- [What is expected] When a picture appears in the listing, leave it out and copy the rest exactly as it stands.

- [Data excerpt]

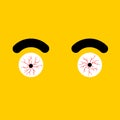 Red Eye isolated. Bulging eyes. Bursting vessels in eyes from tension. vector illustration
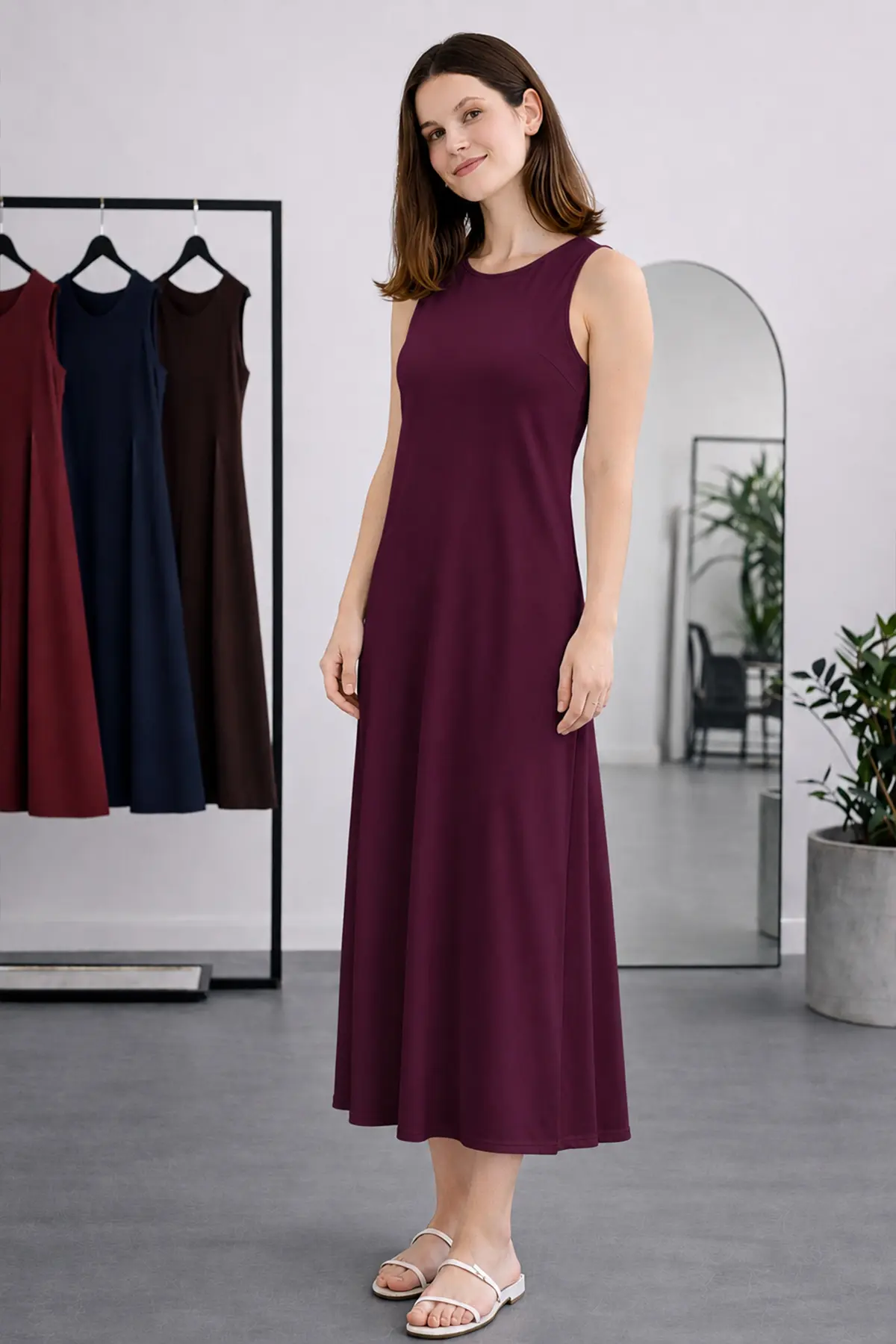 Sleeveless Undershirt Dress-detail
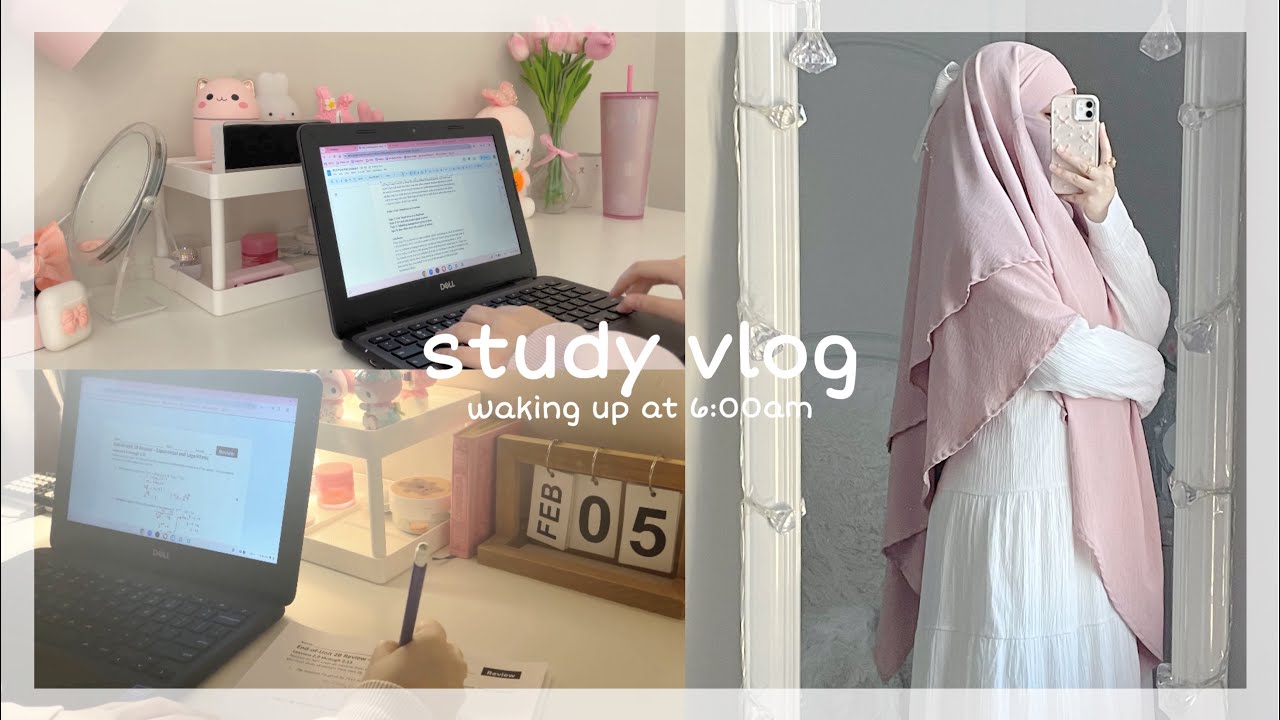 ౨ৎ muslimah study vlog | school, homework, studying for a test, routine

- [Result of the task]
 Red Eye isolated. Bulging eyes. Bursting vessels in eyes from tension. vector illustration
 Sleeveless Undershirt Dress-detail
 ౨ৎ muslimah study vlog | school, homework, studying for a test, routine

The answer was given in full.